Common-mode ground current is particularly troublesome because digital systems are susceptible to the high-frequency noise generated by VFDs. Signals susceptible to common-mode noise include those from proximity sensors, and signals from thermocouples or encoders, as well as low-level communication signals in general. Because this type of noise takes the path of least resistance, it finds unpredictable grounding paths that become intermittent as humidity, temperature, and load change over time. One way to control common-mode noise is to provide a known path to ground for noise captured at the motor’s frame. A properly designed cable ground/shield system, can provide the noise with an easier way to get back to the drive.
Look for Robust Cable Design
In evaluating and specifying VFD system cables, it’s important to ensure that the cables are built ‘tough enough’ to stand up to the environmental and operating conditions, and maintain the life of other components in the system. Selecting an appropriate VFD cable, designed specifically for the load and the task, can improve overall drive system longevity and reliability by mitigating the impact of reflected waves and withstanding the other environmental risks to which it is exposed.
Additional design factors to consider in specifying VFD cables include:
• Insulation Material. Special attention should be paid to the cable’s insulation system material and electrical impedance. Robust thermoset insulation materials, such as those based on XLPE (cross-linked polyethylene), are recommended because of the proven electrical benefits and high temperature stability they exhibit.
Thicker, industrial-grade XLPE insulation systems are proven to provide more stable electrical performance and low capacitance, resulting in increased efficiency of power transfer and longer cable run capability, reduced likelihood of corona discharge, reduced magnitude of standing waves, and reduced peak motor terminal voltage (for extended motor life).
• Shield/Ground Systems. Shielding systems, including copper tape, combination foil/braid, and continuous armoring types, are the most appropriate for VFD applications because of the low impedance path they provide for common-mode noise to return to the drive.
In addition, when VFD cables are installed in close proximity to low-level communications cables and other susceptible devices, shielded instrumentation cable should be used. It would also be prudent to limit the run length of VFD cable parallel to instrumentation cables to 10 ft or less to reduce the likelihood of radiated noise issues.

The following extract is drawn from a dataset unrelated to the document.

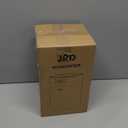 JRD 4L Humidifiers for Bedroom, Cool Mist Humidifier for Large Room, 40H Runtime, 360 Nozzle, Night Light for Home, Office, Baby Nursery, Plants, White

There are many different types, sizes and designs of VFD cables available today, suitable for use in a broad range of industrial motor drive applications, including those requiring direct burial or installation in wet and/or exceptionally hazardous environments, such as mines. VFD cables are also available with an additional signal pair for brake or other applications
Cable selection will depend on the specific application requirements (e.g., relative to motor size in HP, speed and torque demands of the load, peak current, environmental conditions, etc.) The cables selected should, of course, fully comply with all applicable industry safety standards. VFD cables are typically available in gages ranging from 16 to 4/0 AWG, in traditional or symmetrical designs, and in voltages ranging from 600V up to 2000V.
To sum up: A cable should never be the weak link in a VFD system. That’s why it is so important to invest the time to select just the right cable for each application. Flexible variable speed VFD motor drive cables have proven over time to be extremely reliable, lower in cost and easier to install than traditional metal clad cables or lead wire in conduit.